I count myself lucky to have lived and worked in what, in retrospect, was a golden age for the United States.  When I came of age in the 1950s, I took it for granted that each decade would be better than the more before – that progress toward higher wages and more leisure was a law of nature.  There was an implied “social contract” – that if I was loyal to my employer, and did a good job, my employer would do his best to keep me employed at a decent wage.

I didn’t need to read Steven Greenhouse’s 2008 book, The Big Squeeze: Tough Times for the American Worker, to understand that this belief was an illusion.  Automatic progress is like getting something for nothing.  Things don’t get better unless people are doing things to make them better.

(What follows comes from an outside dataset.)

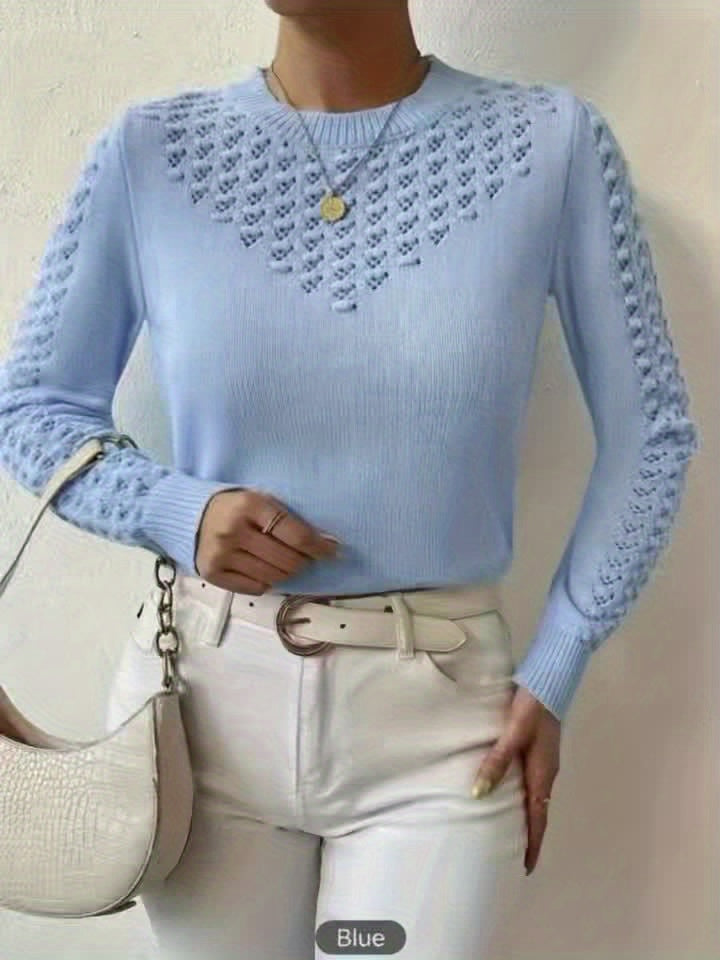 Women'S Light Sweater - Soft Round Neck Pullover with Geometric Pattern, Chic Office to Party Outfit, All-Season Everyday & Formal Wear, Elegant Women'S Sweater For Year-round Style, Ladies Sweaters, Casual Wear, Durable Construction, Stylish Top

The golden age rested partly on the unique position that the United States enjoyed in the quarter century following World War Two, as the world’s only intact industry economy.  In college, we were taught about the problem of the world “dollar shortage.”  The problem was that the U.S. economy was so rich and productive that the rest of the world had almost nothing to sell that we Americans wanted to buy, and therefore had no dollars with which to buy products of American industry.  In this age of globalization, that seems like another world.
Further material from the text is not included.